Together, they found a happier medium they believe works for their business model.
Jonathan Safir during his days in the Ivy League as a do-everything (and unpaid) staff member of the Columbia University men's basketball program.
Here's how Safir and Golden found each other.
In 2015, his final semester at Vassar, Safir drove from Poughkeepsie, N.Y., to Indianapolis for Final Four week to start networking in hopes of finding a path into the coaching profession. He met Golden, then an assistant at Auburn, at a Jewish Coaches Association breakfast. It was there Golden suggested that Safir seek out Kyle Smith, the head coach at Columbia University who was searching for a graduate assistant. It was an unpaid position (in New York City, no less), but one that would put a lot of responsibility on Safir's shoulders.
Safir did the Ivy League thing for three years and, after finishing his master's in sports management, went west to reunite with Smith, who had taken the job as USF head coach. Golden was an assistant on the staff. After three consecutive 20-win seasons, Smith was hired away by Washington State and Golden was named his successor. In 2021-22, Safir was promoted to full-time assistant coach for the first time, but with the Gators will take on a different role; one with a heavy-hand in scouting, evaluating and in-game calculations.

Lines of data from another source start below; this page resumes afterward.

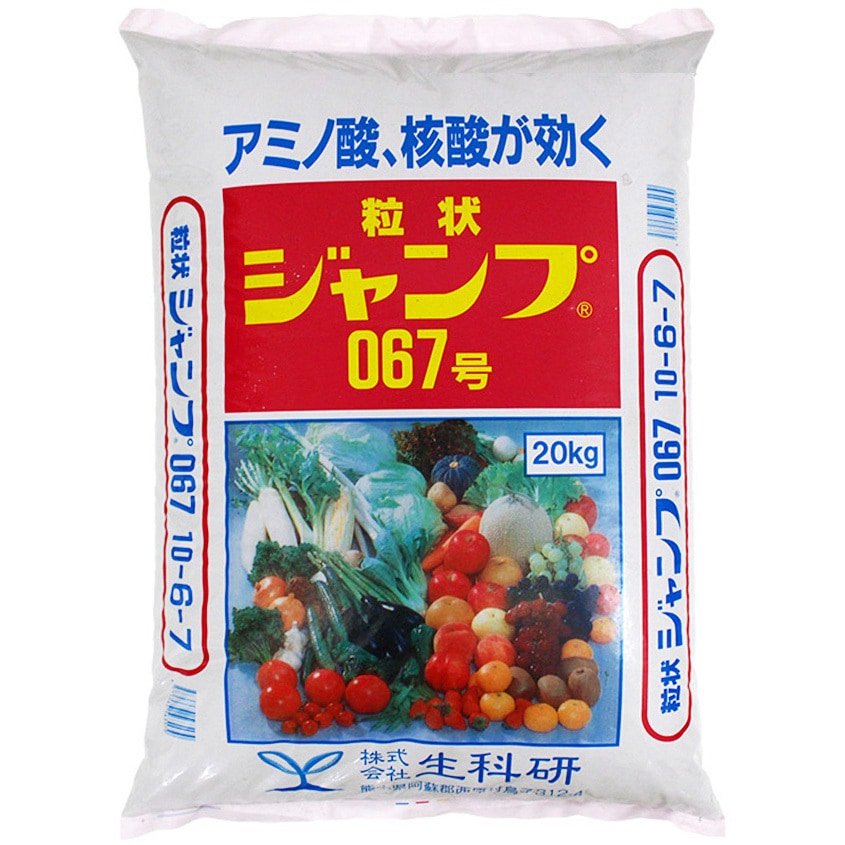 粒状ジャンプ 1個(20kg) 生科研 【通販モノタロウ】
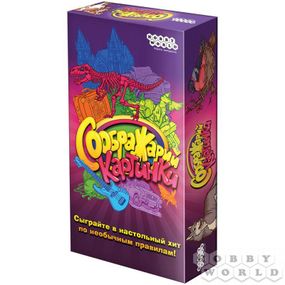 Настольная игра Соображарий: Картинки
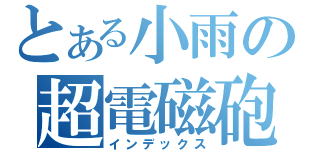 とある小雨の超電磁砲（インデックス）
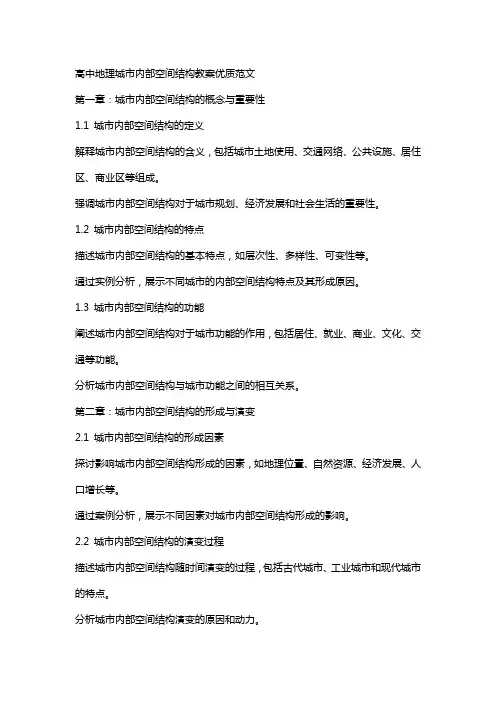高中地理城市内部空间结构教案优质范文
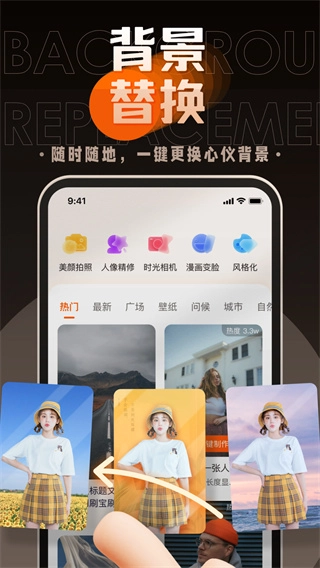 嗨映手机免费版图2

"He just has a great understanding of the direction basketball is headed and a great understanding of the way the game should be played from a value standpoint," Golden said. "We think smart wins."
Clearly, they think alike. Golden's teams go into each game with three primary areas of focus: defense, ball security and rebounding. If the team hits its markers in those areas, Golden allows his guys to play more freely on offense.
They are:
* Defense — Tally six "kills" per game. Three consecutive defensive stops constitutes a "kill," which in turn probably equates to lapses of two or three minutes when the opponent is not scoring. Hitting six "kills" means 18 failed offensive trips. That's going to show up on the scoreboard.

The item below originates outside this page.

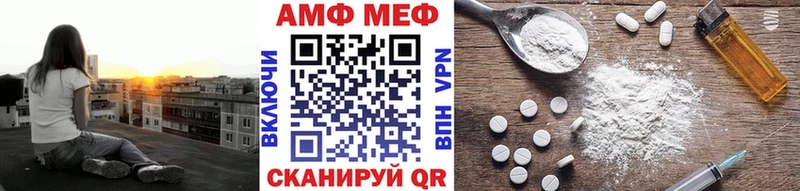 Метамфетамин витя  Озёрск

* Ball security — A 16-percent turnover rate. For context, the Division-I national average in '21-22 was 18.4 percent.
* Rebounding — Golden's teams want to limit opponents to 25 percent on the offensive glass, while seeking 33 percent of their own missed shots. Data shows that an 8-percent differential equates to around 8-10 more possessions per game.
Call them "smart" goals. And, like Golden says, smart wins.
Safir is definitely smart. He's also really, really happy now. A little bit in awe, too. That feeling hit Safir when he entered the basketball facility for the first time and saw the NCAA championship hardware in the building's lobby and those five Final Four floors hanging on the walls in the practice gym.
Ever since, Safir says he awakes each morning with a smile.
There are no numbers to quantify his excitement.
"It's like I have to pinch myself and wake up from this dream," Safir said. "We get a chance to come to this place place and implement our way of doing things and install our analytical approach at the highest level … and I'm doing it with a Florida Gator logo on my chest. Amazing."